I have a list [5, 90, 23, 12, 34, 89] etc where every two values should be a (ranked) list in the dictionary.

So the list above would become {1: [5, 90], 2: [23, 12], 3: [34, 89]} etc. I've gotten close with list comprehension but haven't cracked it. I tried:

my_list = [5, 90, 23, 12, 34, 89]
my_dict = dict((i+1, [my_list[i], my_list[i+1]]) for i in xrange(0, len(my_list)/2))

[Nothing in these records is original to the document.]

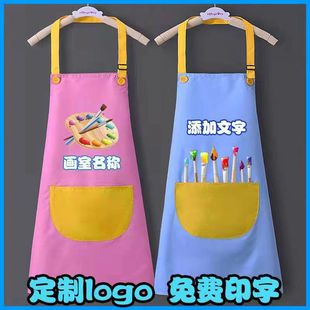 �ļ��������ȹ�������®��ҷ�ˮ���K�������׃��@С�W���ώ��o��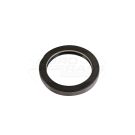 Seal ring 23/6470-59 54/6408-122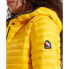 SUPERDRY Core Down Padded jacket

Which works for the first key, but all following values are off by one index. How would you do this?

+6  A: 

You left a multiple of 2:

dict( (i+1, my_list[2*i : 2*i+2]) for i in xrange(0, len(my_list)/2) )
#                   ^

BTW, you could do this instead (with Python ≥2.6 or Python ≥3.0):

>>> it = iter(my_list)
>>> dict(enumerate(zip(it, it), start=1))
{1: (5, 90), 2: (23, 12), 3: (34, 89)}

(of course, remember to use itertools.izip instead of zip in Python 2.x)

KennyTM
Perfect, thank you. Is there an advantage to the iter approach?
Ian
IMHO, the second approach is more Pythonic, but suffers in readability when read by someone not familiar with Python. But it's still pretty cool.